Ainda que não ganhe em votos no público interno, a candidatura alternativa à reserva de mercado governista na disputa pela presidência da Câmara já obteve uma vitória de peso para o público externo: a realização do debate entre os três candidatos amanhã, com transmissão ao vivo pela TV Câmara e demais emissoras interessadas.
O acontecimento é inédito e só ocorrerá porque a chamada terceira via forçou a mão. Há duas semanas, o deputado Raul Jungmann teve a idéia, fez os convites, mas foi atropelado por uma denúncia do Ministério Público em processo por desvio de finalidade no uso de verbas de publicidade quando era ministro da Reforma Agrária.
Quando o grupo escolheu o tucano Gustavo Fruet como representante na disputa, o candidato à reeleição, Aldo Rebelo, adotou a proposta que, assim, ganhou dimensão. O petista Arlindo Chinaglia ainda tentou criar uma dificuldade (não queria o debate conjunto, mas em duplas) para ver se obtinha a facilidade de não se ver obrigado a comparecer, mas acabou aceitando.
Portanto, a partir de amanhã, a eleição da Câmara deixa de ser uma questão interna para ser o que realmente é: um assunto de interesse nacional, visto que o eleito, além de ser o segundo (depois do vice) na linha de sucessão da Presidência da República, tem o poder de mandar chover e fazer sair sol dentro da Câmara dos Deputados.
Há o colégio de líderes, mas a palavra final é do presidente na definição do que entra ou deixa de entrar na pauta de votações; na indicação de relatores para medidas provisórias; na resolução de impasses; na indicação de parlamentares para viagens oficiais ao exterior; na criação de comissões especiais para o exame de emendas à Constituição.
Além disso, administra um orçamento de R$ 3 bilhões, fala de igual para igual com os presidentes da República e do Supremo Tribunal Federal e decide sozinho sobre pedidos de abertura de processos de impeachment contra o chefe da Nação.
Até agora, a escolha do deputado (ou deputada) que detém todo esse poder era, de maneira deformada, tida como uma questão de interesse exclusivo da corporação.
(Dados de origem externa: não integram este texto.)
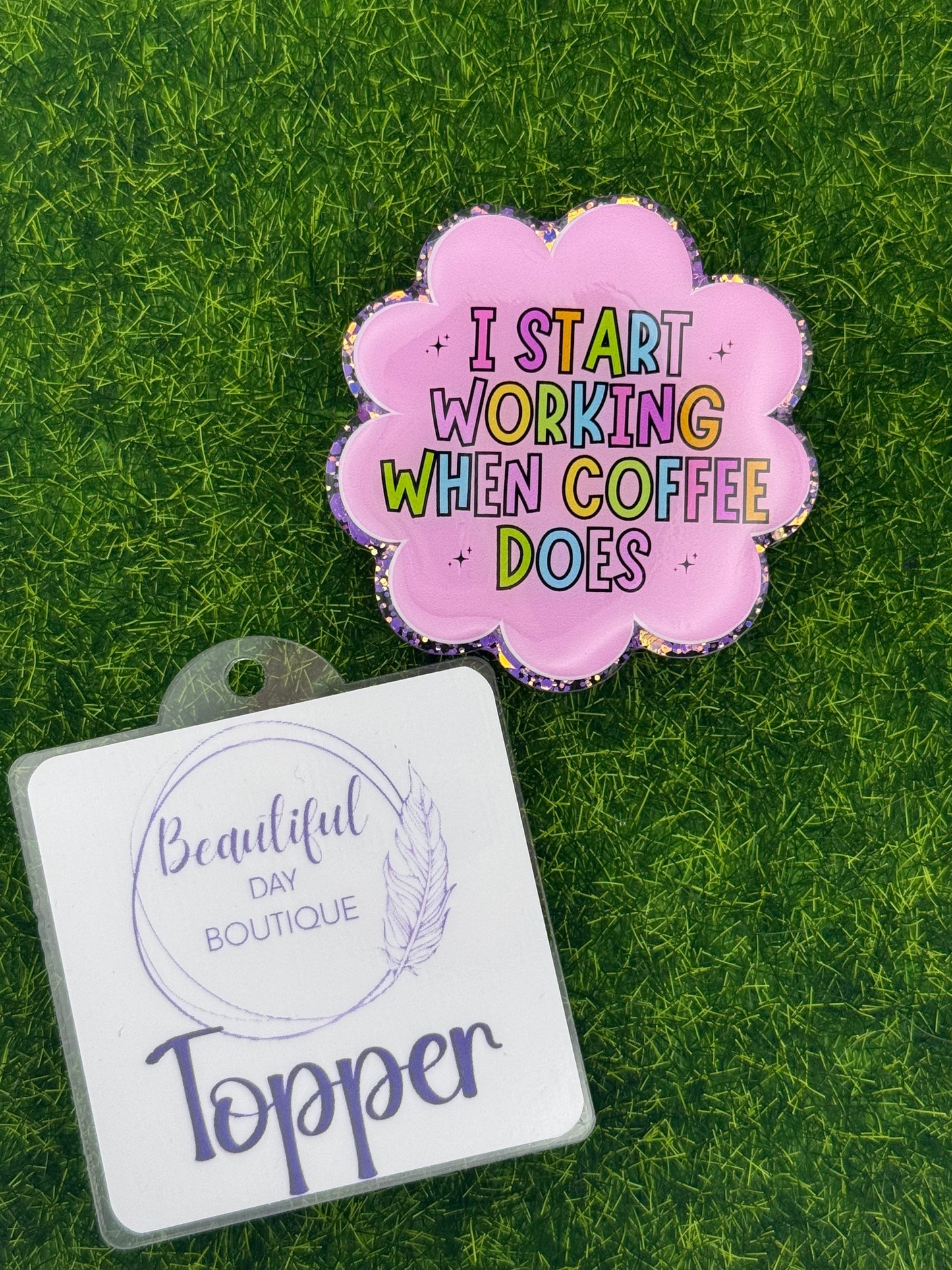 I start working when coffee does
No Senado, onde também haverá eleição, ainda é assim. E continuará sendo até que apareça um grupo interessado em mudar as coisas, como ocorreu agora na Câmara.
Se os 'alternativos' não tivessem aparecido como força de reação ao intenso processo de desmoralização do Poder Legislativo, muito provavelmente não veríamos amanhã três candidatos à presidência dando satisfações à opinião pública a respeito de suas propostas para a condução da Casa.
Isso influirá no voto do colegiado? Talvez sim, talvez não. Mas só de alterar a lógica da disputa e ferir o conceito 'interna corporis' já é um avanço e tanto.
Morreu de velho
Está decidido: a oposição vai arquivar a proposta de revogar o instituto da reeleição.
Aliás, não vai mexer com assuntos institucionais tão cedo. Chegou ao entendimento de que não é bom permitir a abertura de brechas para temas como terceiro mandato e que tais.
Nas conversas entre partidos, lembram que Lula não quis assinar o documento preparado por um grupo de juristas no ano passado, pelo qual o governo se comprometeria a não tomar a iniciativa de propor a convocação de uma Assembléia Nacional Constituinte, alegadamente para tratar da reforma política.
Na época, o assessor especial Marco Aurélio Garcia justificou que o governo não poderia se comprometer com algo que tolhesse uma futura demanda da sociedade.
Mas o documento não implicava repúdio à Constituinte em qualquer hipótese. Só dizia que o governo não tomaria a iniciativa.
Revanche
Por causa de sua atuação na CPI dos Sanguessugas e na reação contra o aumento de 90% nos subsídios, Raul Jungmann não é exatamente uma figura popular no Congresso.
Comenta-se corredores adentro que qualquer processo contra ele, resultante da denúncia do Ministério Público, será examinado com rigor reservado aos inimigos.
Se aos amigos foi dado o beneplácito das brechas da lei para permitir absolvições, Jungmann, avisam, não terá nem o benefício da dúvida.
Arremedo democrático
Ao declarar, em Davos, que o presidente da Venezuela, Hugo Chávez, não representa uma 'perturbação' para a América Latina, o presidente Lula ressaltou que Chávez foi eleito de forma democrática por três vezes consecutivas.
Deixou de lado o fato de que governos democráticos não se caracterizam apenas pela forma como é eleito o presidente, mas, sobretudo, pela maneira como governa e lida com as instituições do país.
De mais a mais, só o fato de o venezuelano ter sido eleito três vezes ao custo de alterações constitucionais e da construção de apoios majoritários a partir da submissão dos Poderes Judiciário e Legislativo e do aniquilamento da oposição já torna a normalidade institucional da Venezuela, no mínimo, questionável.